Audi admits Volkswagen Installed Defeat Device in 85,000 more cars
Audi admitted that there are some 85,000 more Volkswagen cars with illegal defeat devices that can disable emissions control functions.
According to Digital Trends, the vehicles are U.S.-spec cars with 3.0-liter TDI V6 engine, which are typically under the hoods of Audi models like the A6, A7, A8, Q5, and Q7. The Environmental Protection Agency (EPA) and the California Resource Board (CARB) reported that the devices are in cars manufactured between 2009 and 2016.
The Economic Times wrote that Audi's chief executive and engineers met EPA officials last week and admitted that the defeat device software were installed in 3 liter diesel engines in sports utility cars of Audi, Porsche, and Volkswagen. Meanwhile, VW denied the allegation early November saying that there were no software in the said cars to manipulate emissions results.
Audi said, "One of them is regarded as a defeat device according to applicable US law. Specifically, this is the software for the temperature conditioning of the exhaust-gas cleaning system."
In a report by the Financial Times, this new information is going to weaken VW's statement that the problem is only limited to a group of engineers.

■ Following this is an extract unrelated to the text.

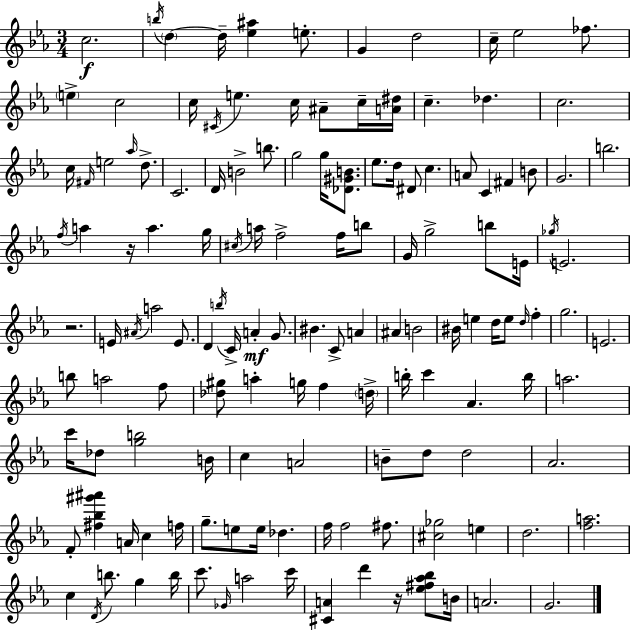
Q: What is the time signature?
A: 3/4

The giant car manufacturer has already admitted that it installed defeat devices in 11 million diesel cars all over the world.
VW is also facing a third emissions problem after admitting that 800,000 cars were sold with a pitch of low carbon dioxide level and high fuel efficiency.
Audi announced Monday that it would voluntarily stop the sales of car models involved in the scandal until further notice. The car company would also update the software and provide a customer-friendly solution to the problem. VW and Porsche have also issued stop-sale order on their 3.0-liter TDI engine. Representatives from each company are working with federal authorities to solve the issue. Meanwhile, the EPA could fine Volkswagen Group $37,500 for each vehicle with the defeat device. This means the entire Dieselgate scandal could cost the company $21 billion in penalties.